CBS News reporter Nina Kapur, 26, died July 18 in a Revel accident in Greenpoint, Brooklyn.
“This is an unacceptable state of affairs,” Mayor Bill de Blasio said of the Revel mayhem sweeping the city at a press conference Tuesday. The mayor told the media his administration spoke with Revel C.E.O. Frank Reig to address safety concerns and accidents.
“I’ve been very clear with Revel…they cannot be open in this city unless they find a way to actually make the service safe,” the mayor said. “They’ve been making changes, but not enough changes, is the bottom line. This has just gotten to be too much. It just doesn’t work the way it’s structured.”

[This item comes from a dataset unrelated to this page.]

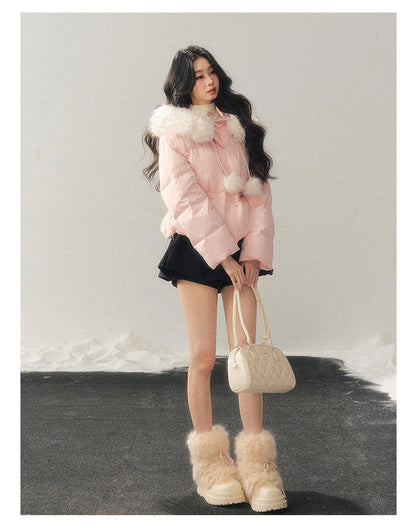 少也眼 "Snowfall on Her" White Duck Down Jacket – Soft Blush Edition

Though de Blasio noted the city does have the power to “regulate, restrict and even prohibit Revel scooters,” on its own terms, it appears Revel took matters into its own hands, publicly announcing its New York hiatus.
“We’re reviewing and strengthening our rider accountability and safety measures and communicating with city officials, and we look forward to serving you again in the near future,” the company said in a Tweet posted Tuesday morning.

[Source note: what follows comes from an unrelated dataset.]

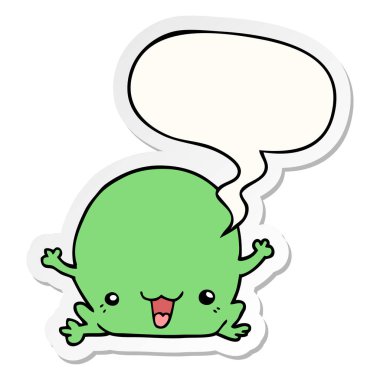 karikatür kurbağa ve konuşma kabarcık etiket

As complaints about Revel riders increased recently, the company sent an e-mail to its users Sunday, pledging to introduce new safety measures, like requiring drivers to take an in-app safety exam and to confirm they are wearing a helmet before they set off. At the time of Malave’s death two days later, however, neither of these features were incorporated into Revel’s app.
“If they don’t come back with their way to make the service safe,” the mayor warned, “we will not allow them to reopen at all.”